Studio album by Caamp
- Released: June 6, 2025
- Studio: Sonic Ranch (Tornillo, Texas); Sear Sound (New York City); Flora Recording Studios (Portland, Oregon)
- Length: 35:40
- Label: By and By; Mom + Pop;
- Producer: Caamp; Beatriz Artola; Tucker Martine;

Caamp chronology
| Somewhere (2025) | Copper Changes Color (2025) |  |

= Copper Changes Color =

Copper Changes Color is the fifth studio album by the American folk band Caamp. It was released on June 6, 2025, by the band's own label By and By Music with distribution handled by Mom + Pop Music.

==Background==
Copper Changes Color is Caamp's first studio album since the release of Lavender Days in 2022. This album was produced by the band themselves with additional production contributions by Beatriz Artola and Tucker Martine. The band recorded the album at Sonic Ranch in Tornillo, Texas, Sear Sound in New York City, and Flora Recording Studios in Portland, Oregon.

==Promotion==
The album was preceded by the release of the lead single "Drive" on April 8, 2025. Mystic Sons wrote in their review of the song: "If Copper Changes Color promises to explore the passage of time and the inevitability of change, then 'Drive' is its ignition. It invites us in gently, without drama or fanfare, but with all the gravity of lived experience and a deepening artistic maturity.
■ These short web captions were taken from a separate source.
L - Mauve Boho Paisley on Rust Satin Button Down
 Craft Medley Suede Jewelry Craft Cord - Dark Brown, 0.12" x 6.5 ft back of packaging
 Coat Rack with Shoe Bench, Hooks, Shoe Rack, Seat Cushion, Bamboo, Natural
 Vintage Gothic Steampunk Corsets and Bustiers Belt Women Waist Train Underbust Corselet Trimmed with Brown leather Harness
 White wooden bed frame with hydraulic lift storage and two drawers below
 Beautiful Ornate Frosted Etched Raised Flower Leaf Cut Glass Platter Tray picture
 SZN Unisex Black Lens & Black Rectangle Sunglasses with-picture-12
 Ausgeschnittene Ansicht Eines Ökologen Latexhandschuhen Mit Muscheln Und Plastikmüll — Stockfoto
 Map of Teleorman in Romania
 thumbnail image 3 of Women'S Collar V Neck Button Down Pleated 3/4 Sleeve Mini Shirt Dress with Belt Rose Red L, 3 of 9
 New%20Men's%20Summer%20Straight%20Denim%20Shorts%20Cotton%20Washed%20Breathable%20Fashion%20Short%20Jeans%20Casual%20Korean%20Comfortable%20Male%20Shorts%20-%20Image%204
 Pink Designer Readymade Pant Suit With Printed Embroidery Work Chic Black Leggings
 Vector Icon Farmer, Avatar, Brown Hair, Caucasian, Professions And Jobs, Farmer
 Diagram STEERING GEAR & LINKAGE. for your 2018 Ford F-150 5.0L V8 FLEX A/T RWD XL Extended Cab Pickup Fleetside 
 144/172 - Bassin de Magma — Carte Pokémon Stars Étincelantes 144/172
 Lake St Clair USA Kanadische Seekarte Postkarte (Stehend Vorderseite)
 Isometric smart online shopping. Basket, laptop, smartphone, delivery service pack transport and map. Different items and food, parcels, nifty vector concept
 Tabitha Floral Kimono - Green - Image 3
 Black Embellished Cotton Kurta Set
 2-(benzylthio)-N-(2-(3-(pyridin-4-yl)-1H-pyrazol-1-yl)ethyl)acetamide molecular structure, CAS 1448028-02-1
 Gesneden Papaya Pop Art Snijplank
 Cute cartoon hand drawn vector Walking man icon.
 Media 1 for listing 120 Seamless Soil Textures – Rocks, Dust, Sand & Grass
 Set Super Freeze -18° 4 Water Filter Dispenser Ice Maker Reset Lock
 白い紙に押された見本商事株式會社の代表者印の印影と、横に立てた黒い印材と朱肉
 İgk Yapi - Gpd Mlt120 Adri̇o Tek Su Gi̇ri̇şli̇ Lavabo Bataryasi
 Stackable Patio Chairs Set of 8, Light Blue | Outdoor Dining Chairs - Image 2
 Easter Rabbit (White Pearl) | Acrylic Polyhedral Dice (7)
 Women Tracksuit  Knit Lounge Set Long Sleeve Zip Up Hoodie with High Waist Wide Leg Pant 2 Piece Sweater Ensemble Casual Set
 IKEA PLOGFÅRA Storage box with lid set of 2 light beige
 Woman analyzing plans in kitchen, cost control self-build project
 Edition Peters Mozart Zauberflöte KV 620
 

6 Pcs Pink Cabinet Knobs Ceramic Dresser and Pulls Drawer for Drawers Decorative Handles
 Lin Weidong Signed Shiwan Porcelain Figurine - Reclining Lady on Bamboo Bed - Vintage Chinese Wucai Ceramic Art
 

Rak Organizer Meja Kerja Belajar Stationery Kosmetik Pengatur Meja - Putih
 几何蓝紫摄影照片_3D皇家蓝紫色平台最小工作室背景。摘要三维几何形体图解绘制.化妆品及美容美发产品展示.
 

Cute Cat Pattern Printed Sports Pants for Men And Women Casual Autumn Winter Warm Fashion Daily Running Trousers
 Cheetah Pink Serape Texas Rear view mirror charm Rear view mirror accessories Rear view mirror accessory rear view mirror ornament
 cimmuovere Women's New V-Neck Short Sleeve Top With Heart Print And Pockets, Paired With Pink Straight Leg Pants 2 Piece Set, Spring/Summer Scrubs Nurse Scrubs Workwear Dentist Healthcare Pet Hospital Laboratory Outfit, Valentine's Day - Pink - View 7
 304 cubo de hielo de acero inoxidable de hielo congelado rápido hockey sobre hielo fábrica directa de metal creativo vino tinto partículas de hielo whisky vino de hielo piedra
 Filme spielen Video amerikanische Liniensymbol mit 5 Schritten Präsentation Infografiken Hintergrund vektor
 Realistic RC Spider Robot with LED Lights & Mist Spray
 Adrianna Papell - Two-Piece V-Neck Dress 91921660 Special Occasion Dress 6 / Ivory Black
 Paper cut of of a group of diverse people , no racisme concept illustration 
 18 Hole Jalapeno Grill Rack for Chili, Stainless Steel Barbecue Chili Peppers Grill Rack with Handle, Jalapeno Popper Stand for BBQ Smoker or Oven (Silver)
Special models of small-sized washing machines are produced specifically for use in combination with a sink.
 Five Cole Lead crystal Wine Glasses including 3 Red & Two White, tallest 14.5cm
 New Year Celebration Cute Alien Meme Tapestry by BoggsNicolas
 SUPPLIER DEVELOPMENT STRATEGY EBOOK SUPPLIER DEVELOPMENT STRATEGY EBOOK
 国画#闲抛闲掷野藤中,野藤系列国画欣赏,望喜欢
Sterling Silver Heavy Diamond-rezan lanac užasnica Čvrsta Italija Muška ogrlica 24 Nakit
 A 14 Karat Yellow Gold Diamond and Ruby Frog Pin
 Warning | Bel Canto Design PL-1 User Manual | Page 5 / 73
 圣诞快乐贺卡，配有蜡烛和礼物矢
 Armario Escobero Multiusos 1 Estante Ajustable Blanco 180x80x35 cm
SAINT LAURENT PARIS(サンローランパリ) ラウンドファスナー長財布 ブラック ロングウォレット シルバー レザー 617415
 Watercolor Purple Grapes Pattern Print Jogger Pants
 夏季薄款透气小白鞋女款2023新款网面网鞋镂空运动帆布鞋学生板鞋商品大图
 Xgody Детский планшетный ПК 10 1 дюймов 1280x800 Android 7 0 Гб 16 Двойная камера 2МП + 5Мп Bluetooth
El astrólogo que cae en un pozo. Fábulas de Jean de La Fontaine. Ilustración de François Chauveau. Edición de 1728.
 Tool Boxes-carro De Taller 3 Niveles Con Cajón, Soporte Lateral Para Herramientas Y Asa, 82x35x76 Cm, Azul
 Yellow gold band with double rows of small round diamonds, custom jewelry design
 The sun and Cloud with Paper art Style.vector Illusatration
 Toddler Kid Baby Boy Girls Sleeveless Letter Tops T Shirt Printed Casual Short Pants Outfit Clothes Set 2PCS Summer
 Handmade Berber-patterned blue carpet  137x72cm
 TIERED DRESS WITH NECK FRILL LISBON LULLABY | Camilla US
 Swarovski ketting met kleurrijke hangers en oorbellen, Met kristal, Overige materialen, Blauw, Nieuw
This is Caamp, not reinvented, but grown—seasoned by time, loss, and the slow turning of the seasons." The double second singles, "Mistakes" and "Fairview Feeling", were released on May 9, 2025.

==Critical reception==
The Daily Northwestern was positive in their review of Copper Changes Color, and concluded their review by writing that the album's thesis statement was to "[remind] their listeners of the highs of falling in love, the hurt of heartbreak and the beauty that undergoing such changes can bring."

==Track listing==

| No. | Title | Length |
|---|---|---|
| 1. | "Millions" | 4:12 |
| 2. | "One True Way" (featuring Madi Diaz) | 2:47 |
| 3. | "Brush" | 2:25 |
| 4. | "Porchswing" | 3:10 |
| 5. | "Fairview Feeling" | 3:18 |
| 6. | "Shade" | 3:37 |
| 7. | "Waiting Up (For You)" | 2:37 |
| 8. | "Mistakes" | 3:18 |
| 9. | "Ohio's Ugly" | 3:38 |
| 10. | "Living & Dying In Between" | 3:11 |
| 11. | "Drive" | 3:27 |
| Total length: |  | 35:40 |

==Personnel==
Credits and personnel for Copper Changes Color adapted from Tidal.
===Caamp===
- Taylor Meier - lead vocals (all tracks), background vocals (2-5, 9), composer, lyricist, acoustic guitar (1-6, 8, 9, 11), electric guitar (2, 6-8), piano (10)
- Evan Westfall - acoustic guitar (1), background vocals (5, 6, 9), banjo (1-5, 9), sampler (11)
- Matt Vinson - bass (1-9, 11), background vocals (2-7, 9)
- Joe Kavalec - organ (1), piano (2), keyboard (3-9, 11), background vocals (9)
- Nick Falk - drum kit (1, 4, 6-9), vibraphone (11), background vocals (7, 9), percussion (1, 4, 6, 7, 9)
===Additional musicians===
- Madi Diaz - vocals (2)
- Josh Block - drum kit (2, 3, 5), percussion (3, 5)
- Jay (Note: The identity of "Jay" is not specified in the album credits per Tidal.) - electric guitar (3, 4), background vocals (4)
===Technical===
- Caamp - production (all tracks)
- Beatriz Artola - production (1-3, 5, 8-10), co-production (4), engineering (1-5), mixing engineering (all tracks)
- Tucker Martine - production (2, 4, 6, 7), engineering (4, 6, 7, 11)
- Joe LaPorta - mastering engineering (all tracks)
- Steve Sacco - recording engineering assistance (1, 9, 10)
- Diego Mendoza - recording engineering assistance (2, 3, 5)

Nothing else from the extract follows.